ECLI:NL:RBDHA:2013:BZ0023
Rechtbank Den Haag
- Eerste aanleg - enkelvoudig
- Rechtspraak.nl
Toepassing van de 30%-regeling op bonus uitbetaald na afloop van de regeling
In deze zaak heeft de Rechtbank Den Haag op 15 januari 2013 uitspraak gedaan in een geschil over de toepassing van de 30%-regeling op een bonus die aan eiser is uitbetaald. Eiser, werkzaam bij [C] B.V., had in 1999 de 30%-regeling toegewezen gekregen, die eindigde op 31 juli 2008. In 2009 ontving hij een bonus van € 169.182, die betrekking had op arbeid verricht in 2008. De werkgever had de 30%-regeling niet toegepast op deze bonus, omdat deze na de afloop van de regeling was uitbetaald. Eiser was van mening dat 7/12e deel van de bonus onder de regeling viel, aangezien dit deel betrekking had op arbeid verricht tijdens de looptijd van de regeling.
De rechtbank oordeelde dat de 30%-regeling van toepassing was op 7/12e deel van de bonus, omdat deze bonus een beloning was voor arbeid verricht als ingekomen werknemer in 2008. De rechtbank verwees naar een arrest van de Hoge Raad, waarin werd gesteld dat het moment van uitbetaling niet bepalend is voor de toepassing van de regeling. De rechtbank verklaarde het beroep van eiser gegrond, vernietigde de uitspraak op bezwaar en verlaagde de belastingaanslag tot € 293.121. Tevens werd verweerder veroordeeld in de proceskosten van eiser tot een bedrag van € 1.162.

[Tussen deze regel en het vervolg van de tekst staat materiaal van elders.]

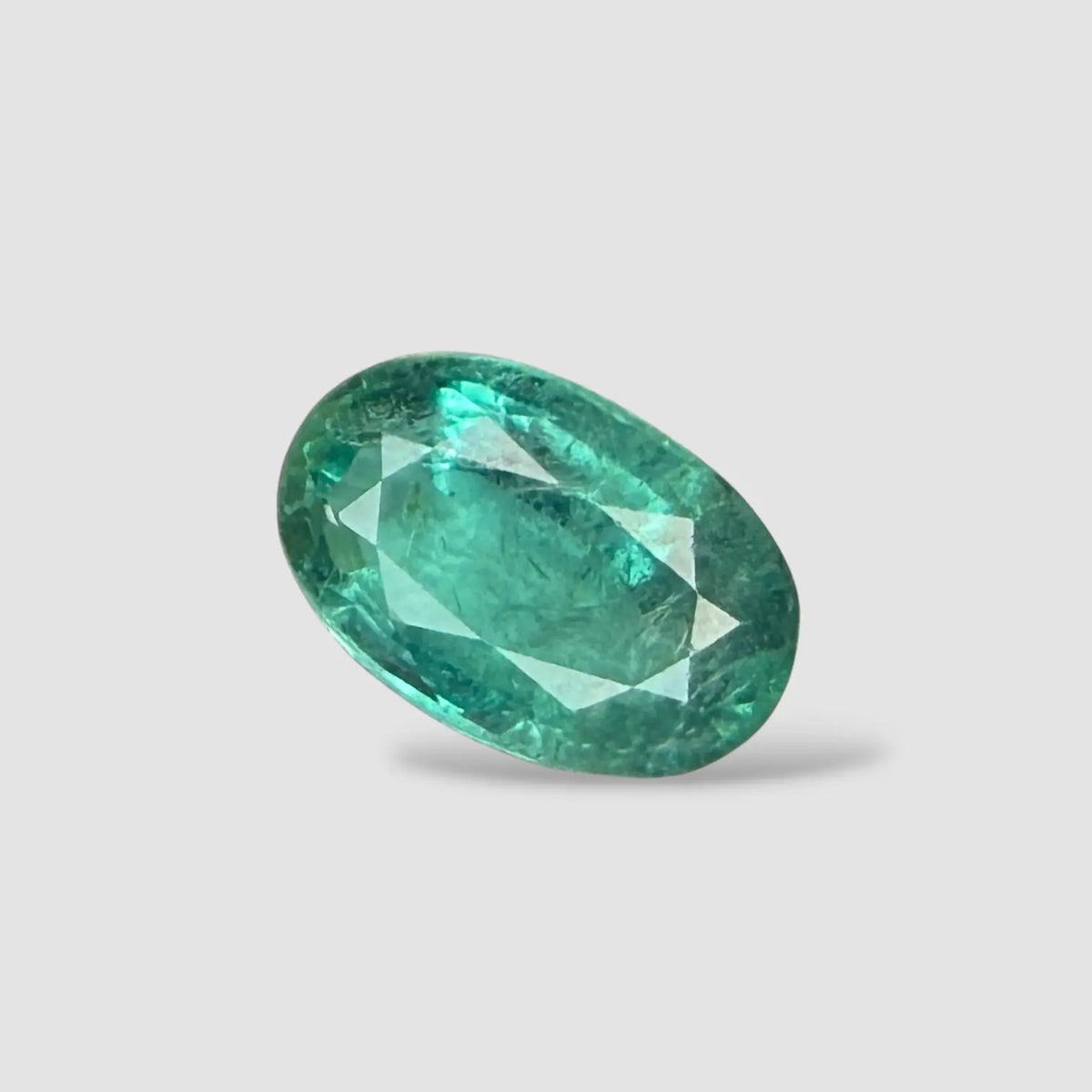 Buy Natural Green Emerald In Oval Mixed Cut Shape 2.22 Carats 10.33x6.68x4.63mm Size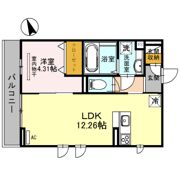 La Vie Belleの間取り画像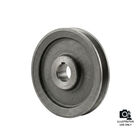 Jenny 154-1250 1-Groove Pulley CI 6.2" PDA 7/8" ID 7/8" Bore AK66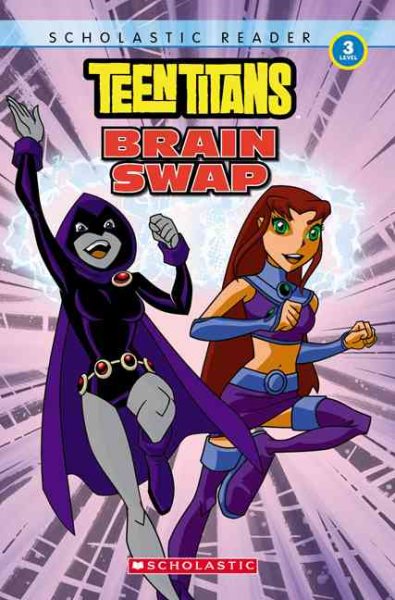 Brain Swap (Teen Titans) cover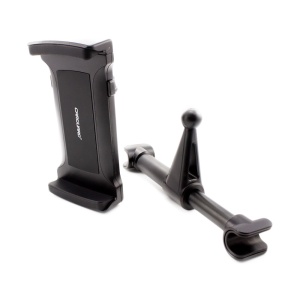 Suport Tabletă Auto Universal - Reglabil 360°, Compatibil cu Majoritatea Tabletelor 14.5-25.5 cm, Montare Ușoară pe Tetieră, Ideal pentru Călătorii - Img 1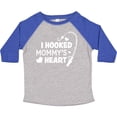 thumbnail image 3 of Inktastic I Hooked Mommy's Heart with Fishing Rod Boys or Girls Toddler T-Shirt, 3 of 5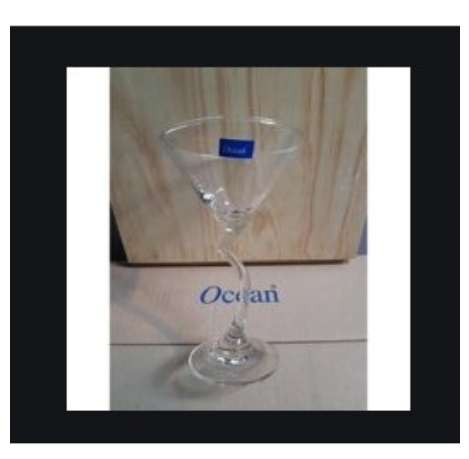 Ly Thủy Tinh Ocean Salsa alsa Cocktail 210ml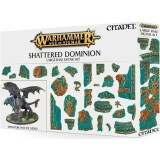 Украшение для подставки под миниатюры Games Workshop AoS: Shattered Dominion Large Base Detail (66-99)
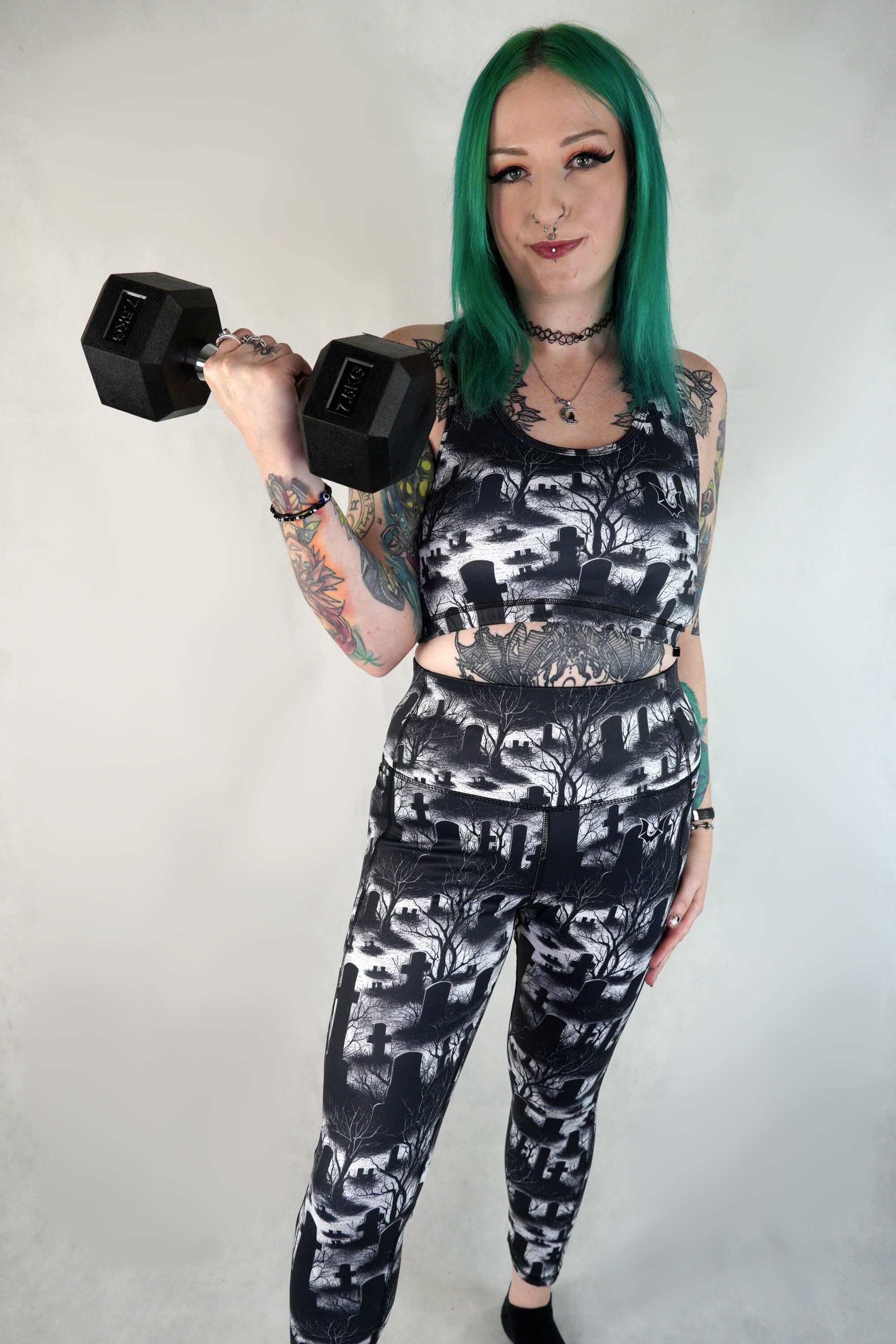 Graveyard - Side Pocket Leggings
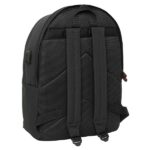 6" - Interno imbottito - Connettore USB - Base imbottita - Spallacci ergonomici - Maniglia superiore - 24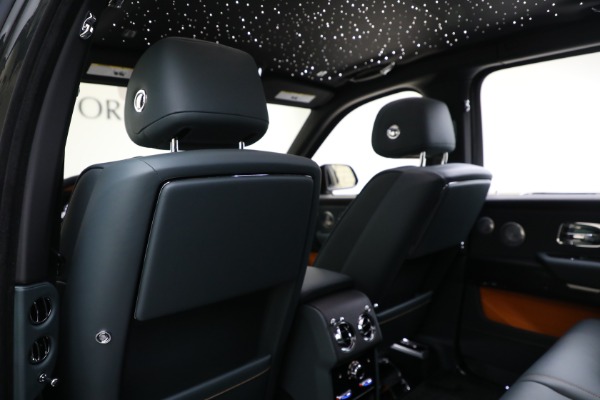 Used 2024 Rolls-Royce Black Badge Cullinan for sale $369,900 at Miller Motorcars Aston Martin in Greenwich CT 06830 19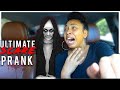 Hiding in my girlfriends Trunk while she runs errands! ULTIMATE SCARE PRANK*  | EZEE X NATALIE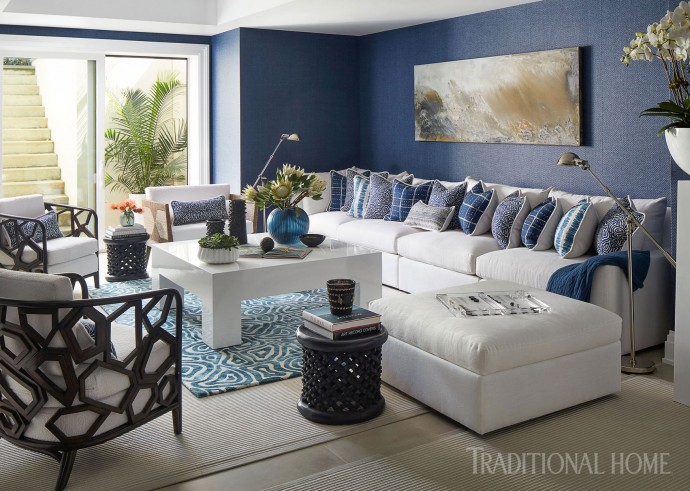 Выставочный дом Hampton Designer Showhouse, оформленный несколькими дизайнерами Выставочный дом Hampton Designer Showhouse, оформленный несколькими дизайнерами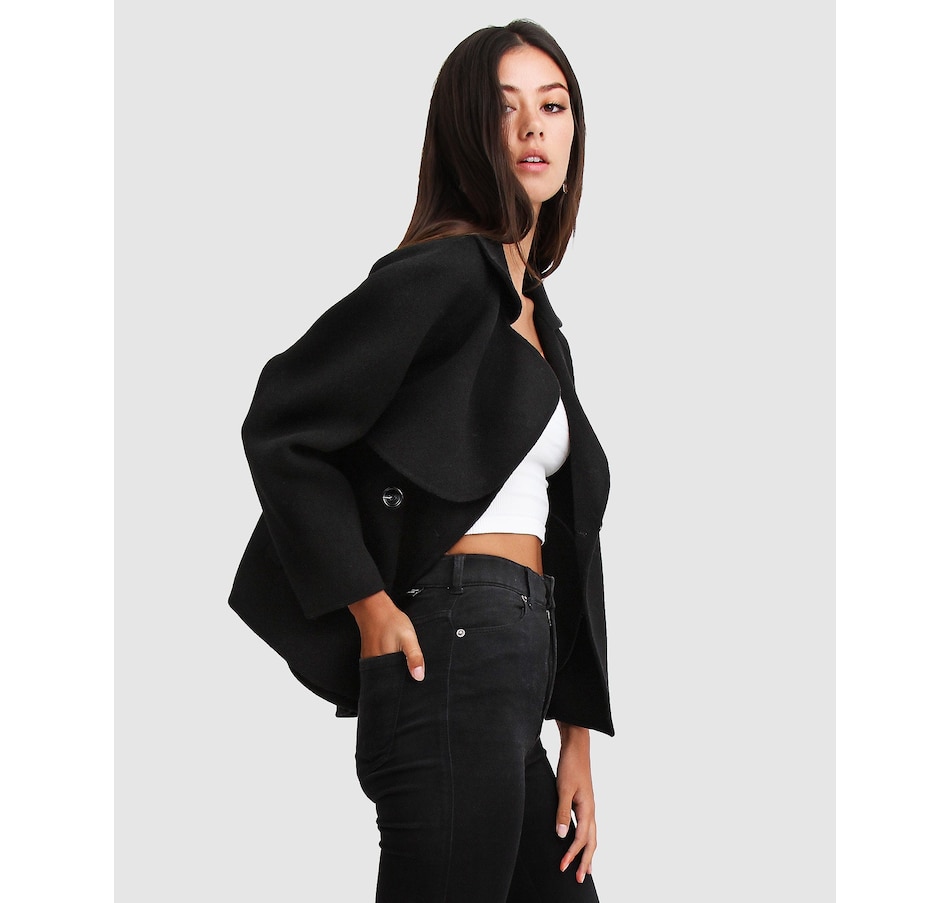 Image 937412_ALTMORE25.jpg, Product 937-412 / Price $124.98 - $187.46, belle & bloom I'm Yours Wool Blend Peacoat from belle & bloom on TSC.ca's Fashion department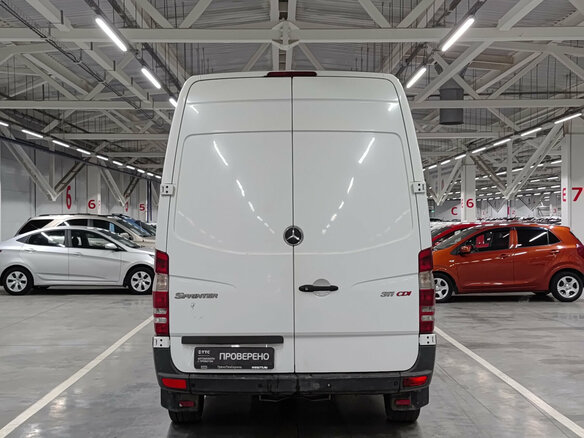 2012 Mercedes-Benz Sprinter, белый, 1899000 рублей - вид 5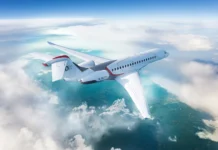 Above the Horizon: The New Language of Private Aviation Dassault Falcon 10X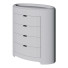 Przewijak Comfort Baby Oval - chart.inviz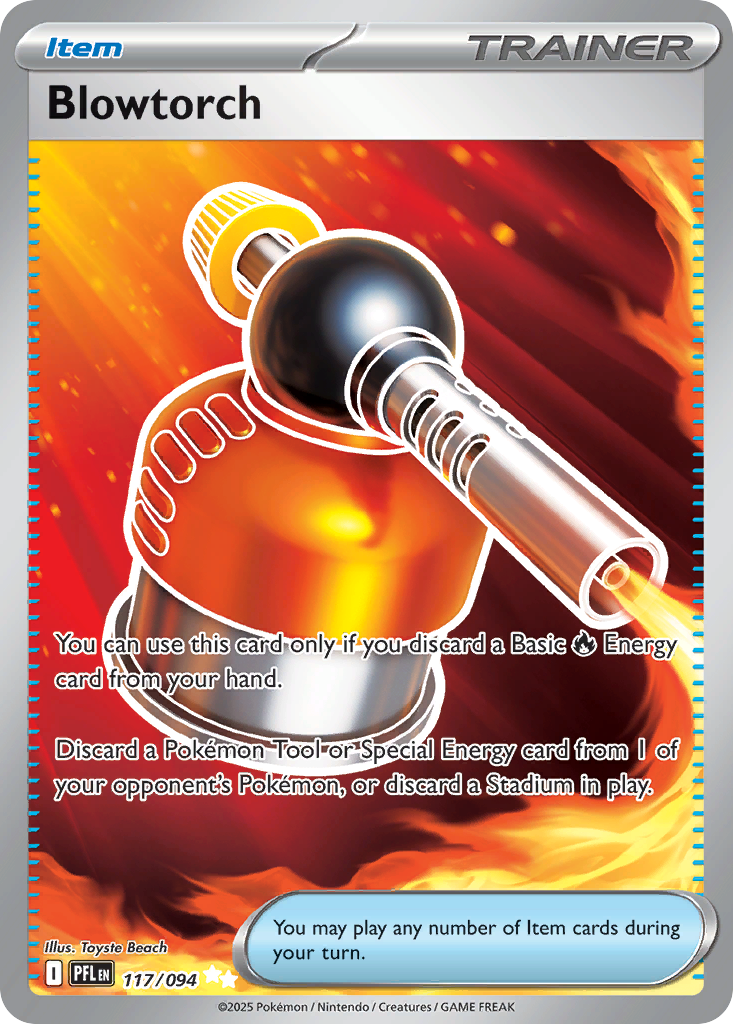 Blowtorch (UR) (English)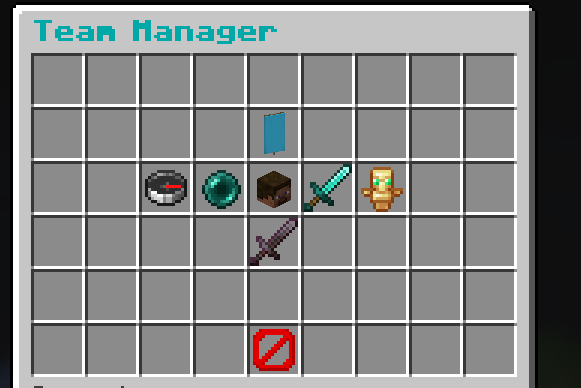 Team Manager GUI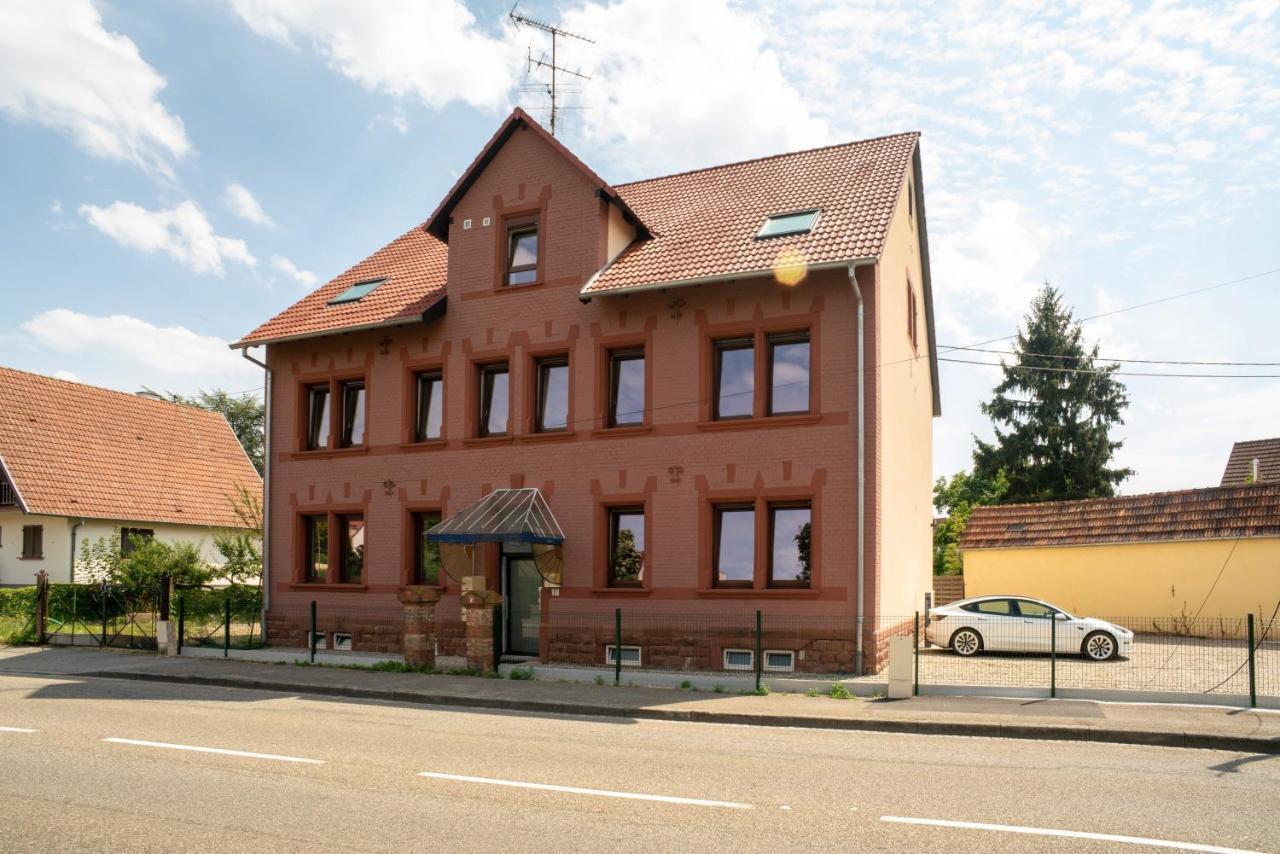 Apartmán Gemuetlich 4 Wissembourg Exteriér fotografie
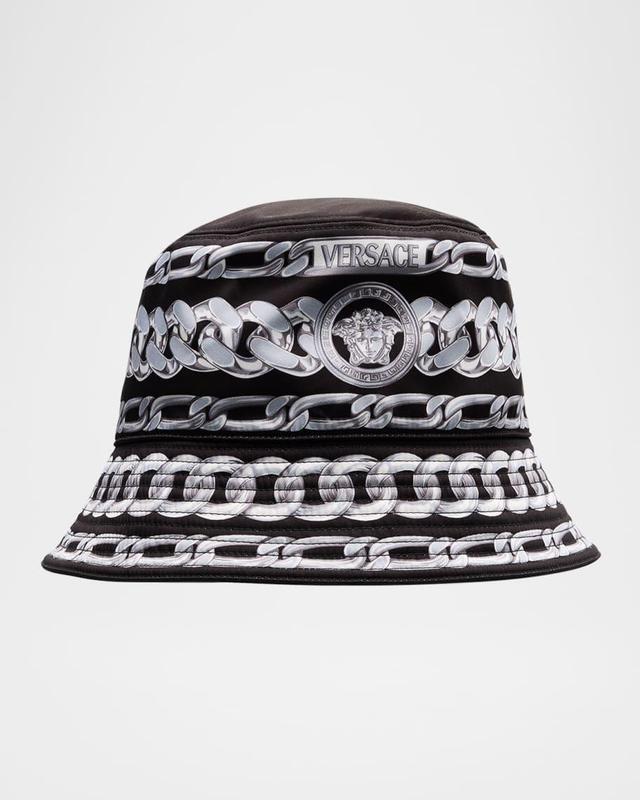 Men's Medusa Chains Bucket Hat Product Image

De uitspraak benadrukt het belang van de context van de arbeid en de beloning, en dat de timing van de uitbetaling niet altijd bepalend is voor de fiscale behandeling van vergoedingen. Eiser had recht op de toepassing van de 30%-regeling op het deel van de bonus dat betrekking had op de periode waarin hij als ingekomen werknemer kwalificeerde.